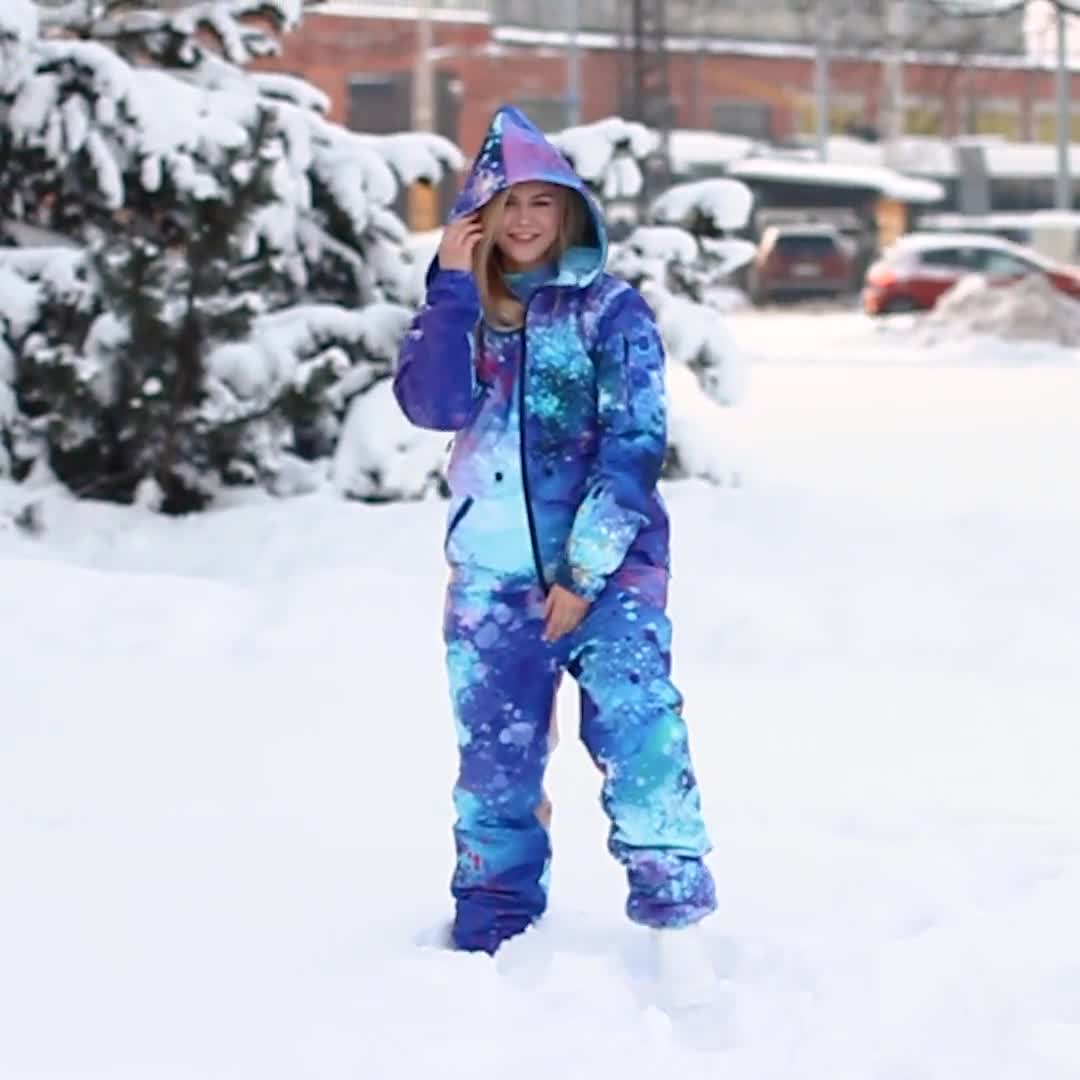 Winter Onesie, Bright Blue Jumpsuit, Snowboard Clothes, Snowboard Suit,  Skiing Overall, Ski Suit Women, Sportswear, Jumpsuit Winter, Blue 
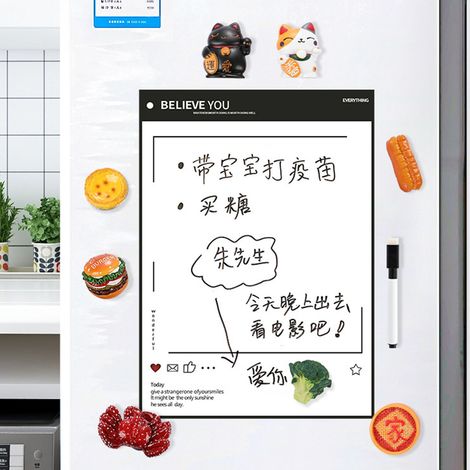 Autocollant magnétique pour réfrigérateur, tableau blanc effaçable et inscriptible, avec stylo, format A3. (1/5)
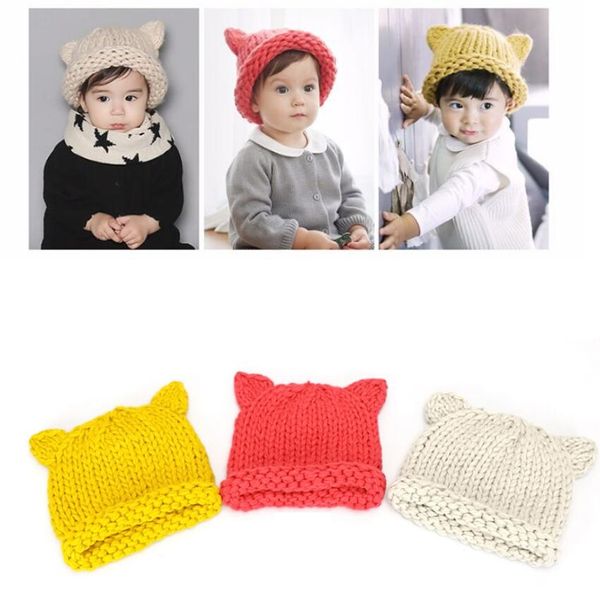 

handmade knitted cute baby girl boy winter hat cat ears lovely cartoon design baby hat crochet pattern hat, Yellow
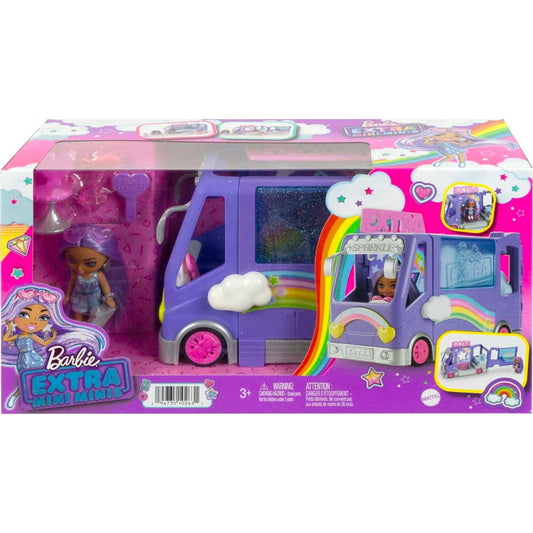 Barbie Sets, Barbie Extra Mini Minis Vehicle Playset with Doll, Expandable Tour Bus, Clothes and Accessories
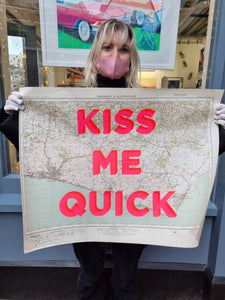 Dave Buonaguidi - Kiss Me Quick screen print on Brighton map Unframed flat 19+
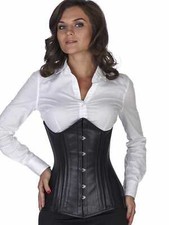 Corsage korsett schwarz leder - corsage,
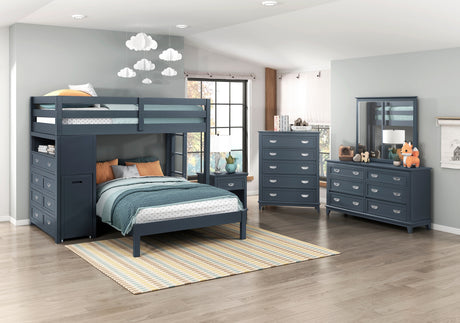 Sloane Navy Blue Twin/Full Loft Bunk Bed with Chest and Hidden Desk from Homelegance - Luna Furniture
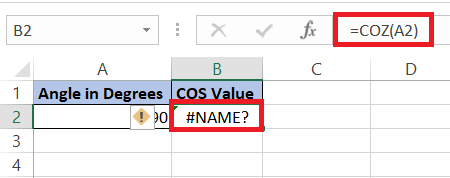 Cos 90 Degrees in Excel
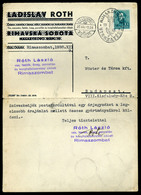RIMASZOMBAT 1938. Érdekes, Céges Levlap Visszatért Bélyegzéssel Budapestre Küldve - Briefe U. Dokumente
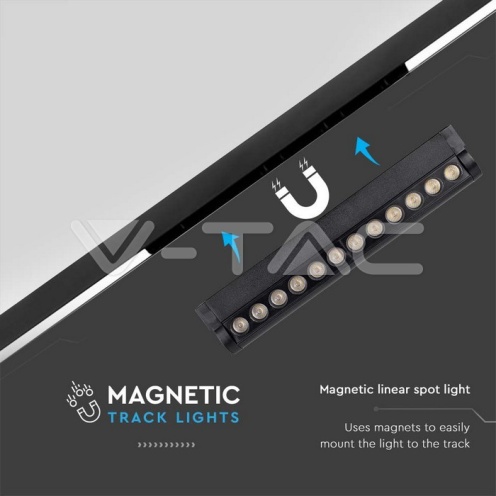12W LED Магнитен Линеен Спот Регулируем 6400K Черно Тяло - изглед 3
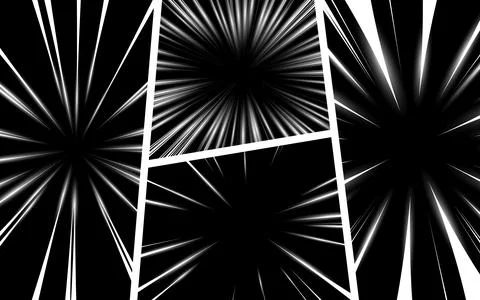 Black and white comic background with halftone effect. Comic page template .. 스톡 일러스트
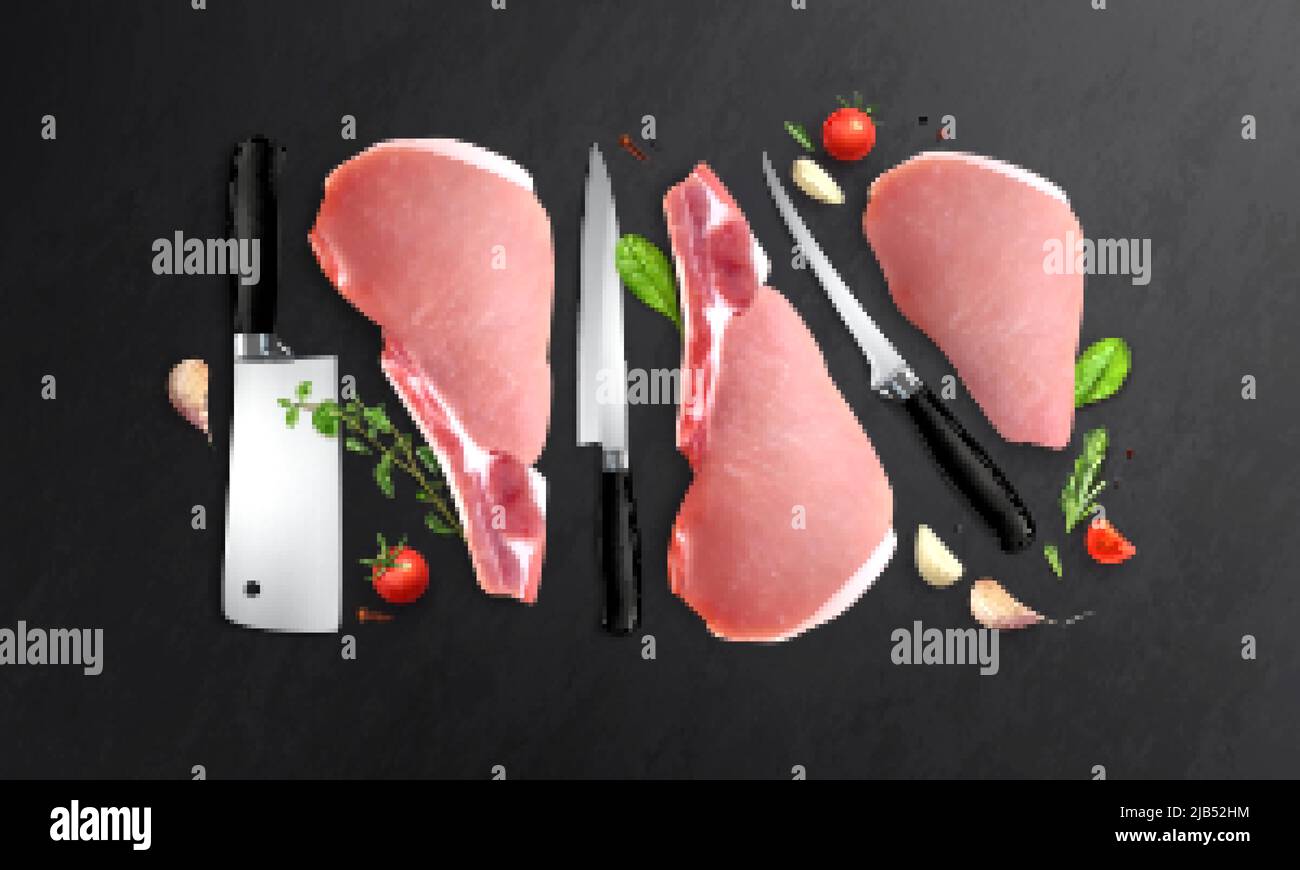 Fleisch realistische Zusammensetzung mit Draufsicht auf schwarzen Tisch mit Messern unterschiedlicher Größe und Steaks Vektor-Illustration Stock Vektor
::::::::
[DESCRIPTION OF THE TASK] The result is an exact copy of the lines from the one holding "Cos 90 Degrees in Excel" through the final line of the data above, both ends included, minus the pictures.

[REPLY TO THE EXERCISE]
 Cos 90 Degrees in Excel
RIMASZOMBAT 1938. Érdekes, Céges Levlap Visszatért Bélyegzéssel Budapestre Küldve - Briefe U. Dokumente
12W LED Магнитен Линеен Спот Регулируем 6400K Черно Тяло - изглед 3
 Black and white comic background with halftone effect. Comic page template .. 스톡 일러스트
 Fleisch realistische Zusammensetzung mit Draufsicht auf schwarzen Tisch mit Messern unterschiedlicher Größe und Steaks Vektor-Illustration Stock Vektor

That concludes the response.